Re: Encoding Standard (was: RE: Encoding API exceptions) from Anne van Kesteren on 2014-11-10 (www-international@w3.org from October to December 2014)

From: Anne van Kesteren <annevk@annevk.nl>
Date: Mon, 10 Nov 2014 20:09:13 +0100
To: Shawn Steele <Shawn.Steele@microsoft.com>
Cc: "www-international@w3.org" <www-international@w3.org>
Message-ID: <CADnb78gFSVfWhj7ongnvXE3dYAS-Sts77K4B2tN0WkX5thoUNw@mail.gmail.com>

On Mon, Nov 10, 2014 at 7:46 PM, Shawn Steele
<Shawn.Steele@microsoft.com> wrote:
> That's unfortunate, however that's a good place for encoding work.

In my experience, not at all. WHATWG and the i18n WG have been much
more receptive and helpful in addressing the problems I sought out to
solve. And I communicated that set of problems to all three audiences
equally.

>> 0x81 0x22 needs to become U+FFFD U+0022 as otherwise you'll expose resources to XSS.
>
> I don't follow this exactly...  Sure, you might end up with an unexpected ", breaking the HTML, however any XSS security checks should happen (perhaps again) AFTER conversion from code pages, as code page conversion can (as this example demonstrates) mangle the input data stream.  IMO fixing code pages may be a nice security robustness type thing, but anything that gets converted should be suspect and revalidated.

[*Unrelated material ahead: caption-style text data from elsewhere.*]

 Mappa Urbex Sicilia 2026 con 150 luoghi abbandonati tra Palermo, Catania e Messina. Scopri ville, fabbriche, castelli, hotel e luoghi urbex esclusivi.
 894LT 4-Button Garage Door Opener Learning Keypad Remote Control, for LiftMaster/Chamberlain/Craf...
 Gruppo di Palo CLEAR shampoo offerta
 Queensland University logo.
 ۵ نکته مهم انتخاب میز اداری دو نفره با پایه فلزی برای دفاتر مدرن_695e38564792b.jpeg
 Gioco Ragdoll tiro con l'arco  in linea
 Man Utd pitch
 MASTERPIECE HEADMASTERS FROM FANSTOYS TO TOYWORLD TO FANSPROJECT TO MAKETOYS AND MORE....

Should happen, sure. They don't however, and that browsers with
decoders that do not conform to the Encoding Standard put their users
at XSS risk. Or a similar kind of injection attack. E.g. if you can
control a field of some JSON through a URL you could load the JSON
through a <script> and get some of the user's data out by executing a
function of sorts due to JSON being decoded in a different way from
how the server expected it to.

-- 
https://annevankesteren.nl/

Received on Monday, 10 November 2014 19:09:41 UTC